Senin Pagi, Rupiah Melemah Dibayangi Isu Kenaikan Harga Pertalite

Rupiah - www.liputan6.com
Rupiah - www.liputan6.com

JAKARTA – Rupiah masih tetap berkutat di zona merah pada perdagangan Senin (22/8) pagi, dibayangi isu kenaikan harga BBM (bahan bakar minyak) jenis pertalite. Menurut data Bloomberg Index pukul 09.27 WIB, mata uang Garuda melemah 39,5 poin atau 0,27% ke Rp14.877,5 per dolar AS. Sebelumnya, spot ditutup turun sangat tipis, cuma 1,5 poin atau 0,01% di posisi Rp14.838 per dolar AS pada transaksi Jumat (19/8) sore.

Bacaan Lainnya

Menurut ekonom, Bank Mandiri, Reny Eka Putri, sepanjang minggu kemarin, rupiah bergerak di kisaran Rp14.730 sampai Rp14.850 per dolar AS dengan kecenderungan sedikit melemah di tengah fundamental ekonomi yang membaik. Dikatakannya, rupiah selama sepekan dipengaruhi kombinasi sentimen dari internal dan eksternal yang bervariasi.

“Faktor dari dalam negeri yang memengaruhi berasal dari pelaku pasar merespons positif data surplus neraca perdagangan sebesar 4,22 miliar dolar AS pada Juli 2022 yang mengindikasikan kinerja ekspor yang terus membaik,” tutur Reny seperti dikutip dari Kontan. “Perkembangan ini juga menjadi sentimen positif bagi mata uang Garuda.”

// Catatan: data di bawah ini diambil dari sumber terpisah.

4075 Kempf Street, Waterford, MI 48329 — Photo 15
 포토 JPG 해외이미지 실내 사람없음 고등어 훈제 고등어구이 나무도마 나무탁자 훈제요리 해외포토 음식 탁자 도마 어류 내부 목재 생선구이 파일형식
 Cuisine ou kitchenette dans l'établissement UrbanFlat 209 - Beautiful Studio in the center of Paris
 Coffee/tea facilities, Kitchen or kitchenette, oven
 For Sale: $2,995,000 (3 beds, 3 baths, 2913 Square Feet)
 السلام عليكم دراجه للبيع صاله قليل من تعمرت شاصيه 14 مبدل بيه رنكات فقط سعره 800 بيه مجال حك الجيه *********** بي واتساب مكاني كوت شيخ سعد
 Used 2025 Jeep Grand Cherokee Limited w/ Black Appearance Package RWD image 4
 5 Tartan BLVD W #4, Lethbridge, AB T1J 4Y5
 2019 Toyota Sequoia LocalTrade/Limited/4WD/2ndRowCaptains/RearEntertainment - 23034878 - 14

Sementara itu, Research & Education Coordinator Valbury Asia Futures, Nanang Wahyudin, mengatakan, pergerakan rupiah sempat menguat di awal pekan. Namun, kemudian berbalik melemah setelah hasil FOMC minutes menguatkan langkah agresif pada pertemuan September mendatang, yang turut mengangkat sentimen dolar AS.

“Pelemahan rupiah juga dipengaruhi isu kenaikan harga BBM bersubsidi (pertalite). Jika jadi dinaikkan, inflasi pun akan terus terkerek naik, yang pada akhirnya berdampak pada pelemahan rupiah,” ujar Nanang. “Pelaku pasar akan terus menyikapi kemungkinan pemerintah akan menaikkan harga BBM subsidi yang dikhawatirkan akan mendorong inflasi.”

Hampir senada, Macro Equity Strategist Samuel Sekuritas Indonesia, Lionel Priyadi, berujar bahwa kenaikan harga subsidi BBM pada tahun ini tidak dapat dihindari, kecuali pemerintah berani mengambil risiko melanggar target defisit anggaran tahun depan. Dijelaskannya, mengingat aturan UU No. 2/2020 tentang defisit anggaran tahun depan, di bawah -3% PDB, hanya ada sedikit ruang untuk terus menjaga harga BBM bersubsidi di level saat ini.

Sentimen lainnya yang diwaspadai adalah Rapat Dewan Gubernur (RDG) Bank Indonesia yang akan digelar pada tengah pekan ini. Sejumlah ekonom berpendapat, bank sentral masih akan mempertahankan suku bunga acuan, mempertimbangkan kondisi inflasi secara fundamental dan pergerakan yang masih terjaga.